Cafe Hitch-hike

2022-04-06

Please come back

I found myself on a hill in a blighted urban area. I wasn't sure where I was until I saw New York City and the Brooklyn Bridge in the distance.

I could imagine how I got there. Someone who resembled Huck kneeled on the curb and faced the street with his hands in the air, elbows bent. If it was him, he really didn't look well at all. He was scrawny and ragged, like a street person or addict. He fell forward and face-first into the street, committing his own version of hira-kiri. His body sank into the asphalt and a slight indentation formed where his arms and torso had been.

I was a little frightened, but more from seeing the combination of locals and street people wandering around. I still had no idea where I was, I stood out and I definitely didn't feel like I was in a safe place.
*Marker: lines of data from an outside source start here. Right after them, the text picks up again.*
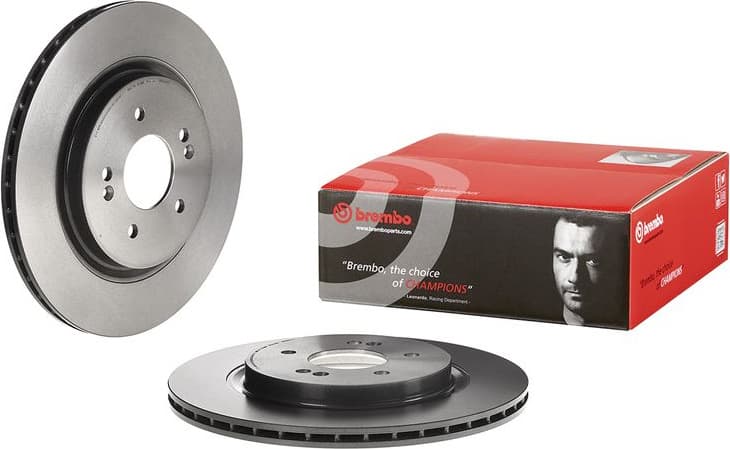 Brake Disc PRIME LINE - UV Coated 09.D991.11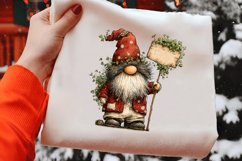 Funny Easter Gnome Clipart Product Image 2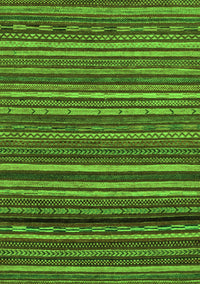 Oriental Green Modern Rug, abs2257grn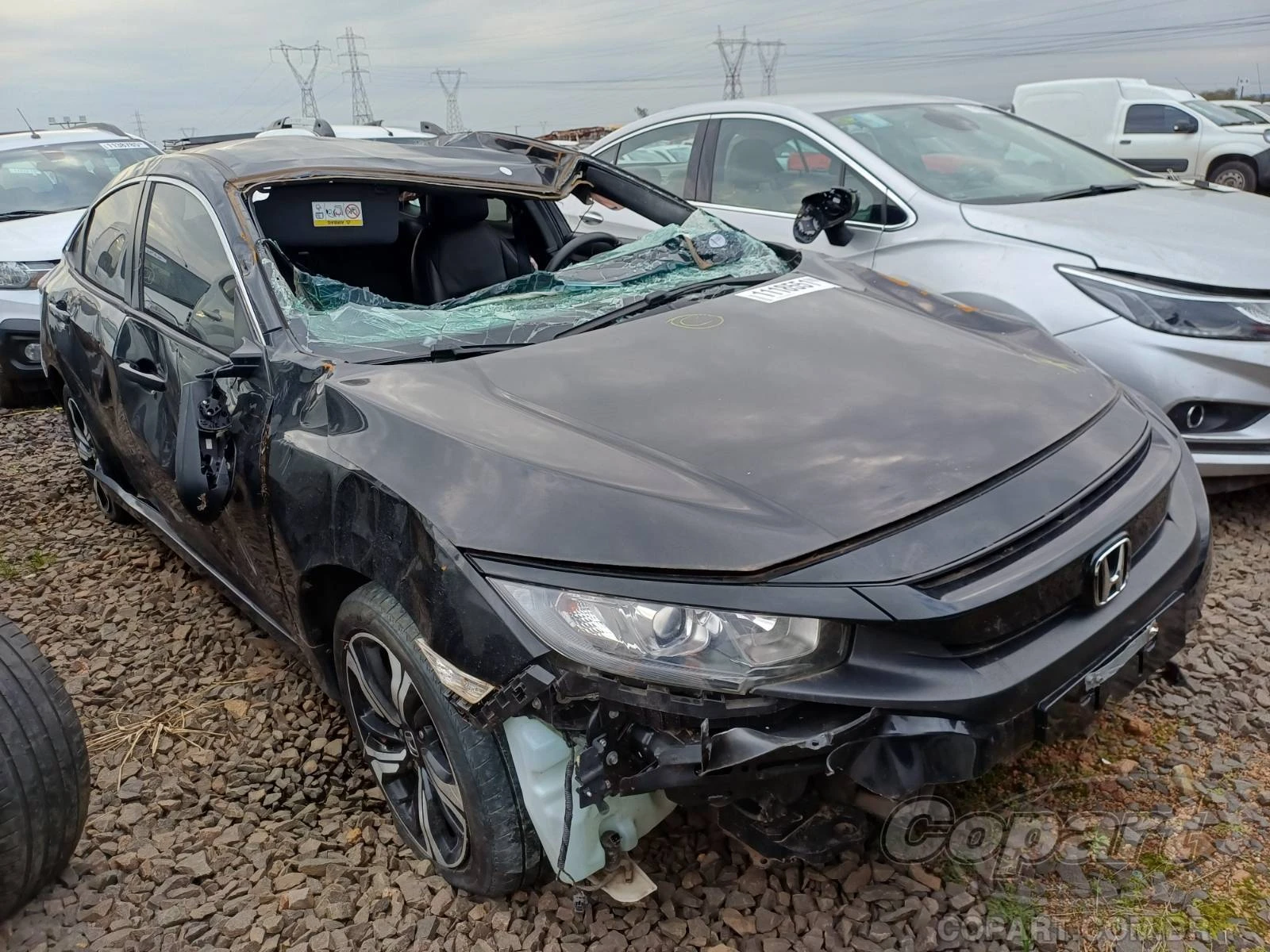Honda Civic Sport 2018 2.0 i-VTEC em Canoas - Rio Grande do Sul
I took out my phone to figure out where I was and how to get home. I tried to call Rafael but he was unresponsive. His social media showed he was in a workshop.

I was surprised to see my car was nearby. I walked to it and it was very low on gas. I got in touch with Jimbob who told me where I could find a gas station in the area. He directed me to a very modern gas station around the corner but he had to leave. What a contrast compared to the old, dilapidated buildings around it! The gas station looked sleek and almost sci-fi, and a young female attendant pumped my gas and gave me friendly service. She was plain, clean-cut and had a very neighborly way about her; she definitely didn't fit in the neighborhood.

Home, I wanted to go home. When I figured out where exactly I was, it didn't take long for me to map how I'd get back and how long it would take. I grabbed a soda from the gas station and was able to see a dusky view of a disjointed New York City and the Brooklyn Bridge from where I stood. I was about to make my way out of there, had already imagined sleeping in a comfy, clean and safe hotel on the way back, and couldn't wait to return home.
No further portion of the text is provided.